Dame Joanna Lumley a révélé qu’elle envisageait la mort « tous les jours » lors d’une admission franche à des fins de santé. La légende du théâtre, qui a célébré son 80e anniversaire le 1er mai, s’est ouverte dans une nouvelle interview avec Radio Times sur sa propre mortalité et le projet de loi sur l’aide à mourir.
« Je pense à mourir tous les jours parce que je pense à vivre tous les jours, et je ne peux pas les voir comme séparés », a expliqué la star d’Amandaland. « Il me semble tout à fait normal de naître, de vivre et de mourir. Cela ne ressemble pas à une insulte, ni à une perte, ni à une tragédie, c’est juste ce qui arrive. »
Elle a poursuivi : « Je ne pense pas que nous devrions le voir comme cet ennemi colossal. J’ai pensé que ce serait bien de le voir comme un ami qui attend, et on ne sait jamais quand l’ami va franchir la porte, donc il ne faut pas être fâché ou triste à ce sujet. »

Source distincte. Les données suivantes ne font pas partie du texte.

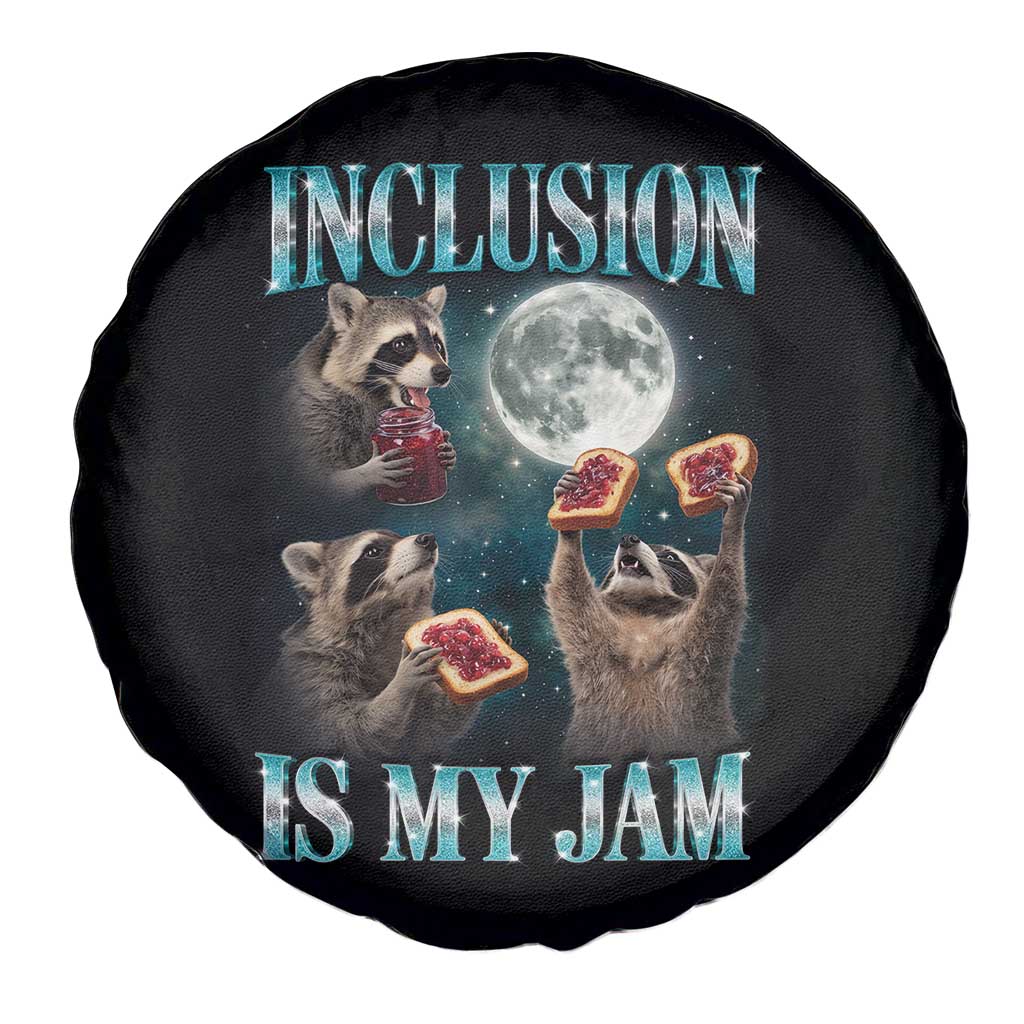 Inclusion Is My Jam Spare Tire Cover Raccoon Meme Neurodiversity SPED Teacher Gift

Elle a poursuivi: « Vous espérez que ce ne sera pas le cas maintenant, parce que vous avez beaucoup à faire et des choses que vous voulez encore voir, mais peut-être que vous arrivez à un moment où vous vous sentez vraiment horrible, seul et blessé tout le temps, et alors vous pourriez penser: ‘J’aimerais y aller maintenant.' »

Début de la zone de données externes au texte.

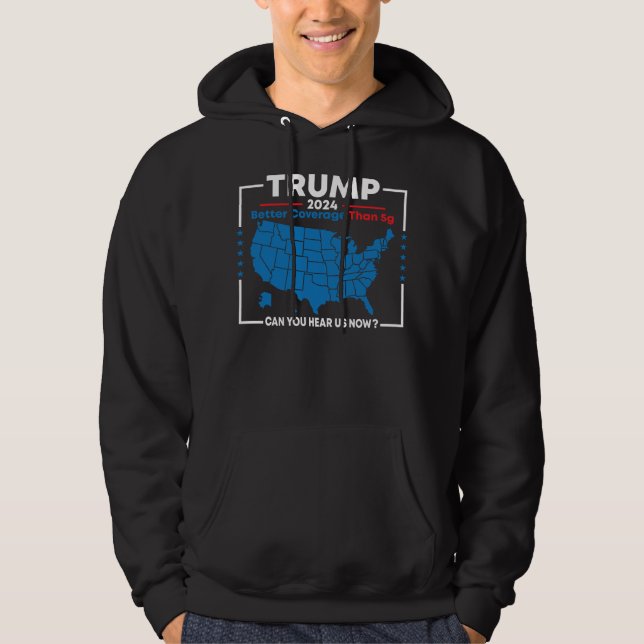 Trump: Bättre täckning än 5G Hoodie (Framsida)
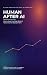 Human After AI: How to keep...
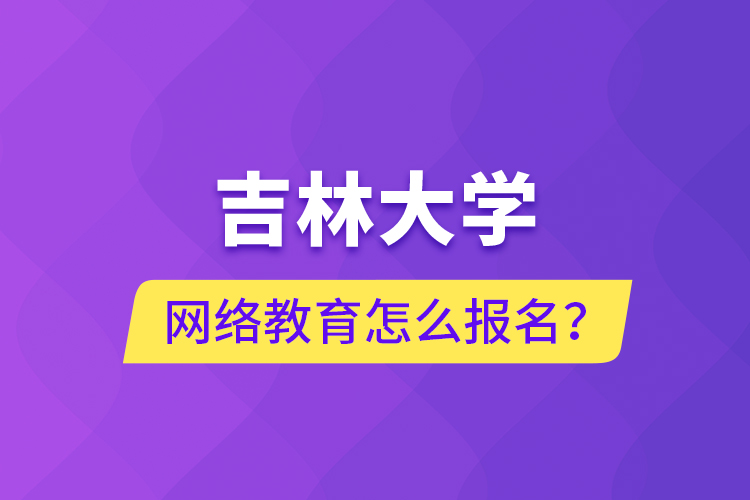 吉林大学网络教育怎么报名？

Joanna a également évoqué son amie Dame Esther Rantzen, qui milite en faveur du projet de loi sur l’aide à mourir et qui est atteinte d’un cancer en phase terminale.
« J’adorerais l’avoir dans l’arsenal, si le moment venait où je disais : ‘C’est trop horrible' », a partagé l’actrice.
En regardant le bon côté des choses, Joanna a déclaré qu’elle « ferait clairement 90 » et qu’elle ne pouvait pas attendre.
Cependant, elle a déclaré qu’elle envisagerait l’euthanasie volontaire si elle ne pouvait plus prendre soin d’elle-même.
Abordant le projet de loi, qui a été adopté par les députés l’année dernière mais bloqué à la Chambre des Lords, elle a déclaré au magazine Saga : « Quand j’arriverai au stade où je ne pourrai plus parler et que je devrai être nourrie, ce ne sera plus moi, et c’est à ce moment-là que cela ne me dérangerait pas de dire adieu. »
L’interview complète peut être lue dans la dernière édition de Radio Times.